### [WORK REQUIRED]
Retype exactly what runs from the first line of the data to the line with "Fixwal Floating Shelves", keeping both of those lines and skipping pictures.

### [GIVEN MATERIAL]
#####
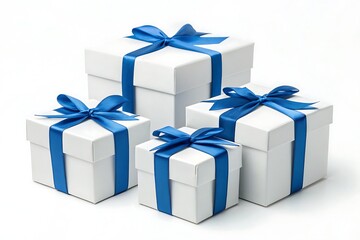 Set of gift boxes with  ribbon isolated on white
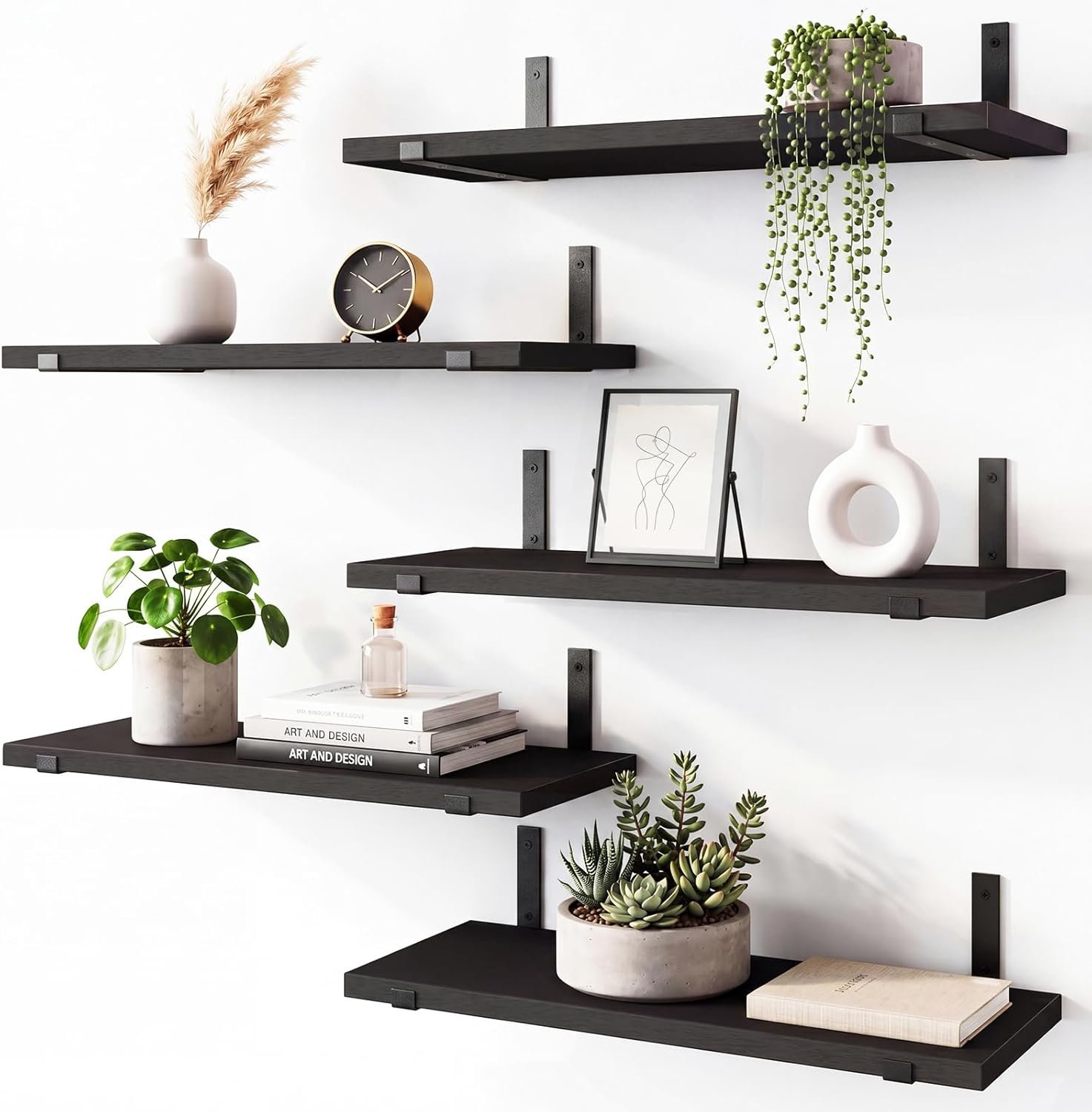Fixwal Floating Shelves for Wall, Black Shelves Wall Mounted, Rustic Wood Wall Storage Shelves for Bedroom, Living Room, Kitchen, Bathroom, Home Decor (Set of 5 Black)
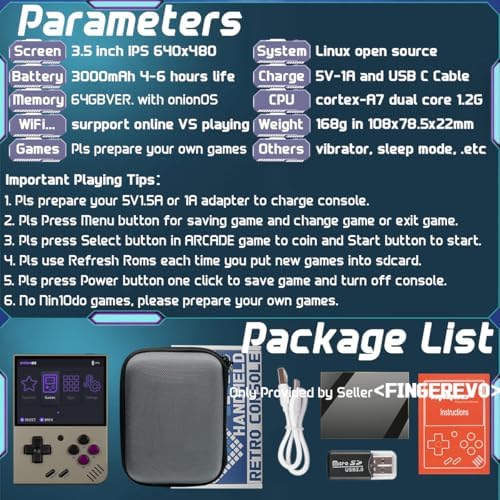 Mini Plus OnionOS Handheld Game Console 3.5-inch 640*480 Screen 3000mAh Mini+ with Portable Case Retro Gray — view 6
#####
### [ANSWER]
 Set of gift boxes with  ribbon isolated on white
Fixwal Floating Shelves for Wall, Black Shelves Wall Mounted, Rustic Wood Wall Storage Shelves for Bedroom, Living Room, Kitchen, Bathroom, Home Decor (Set of 5 Black)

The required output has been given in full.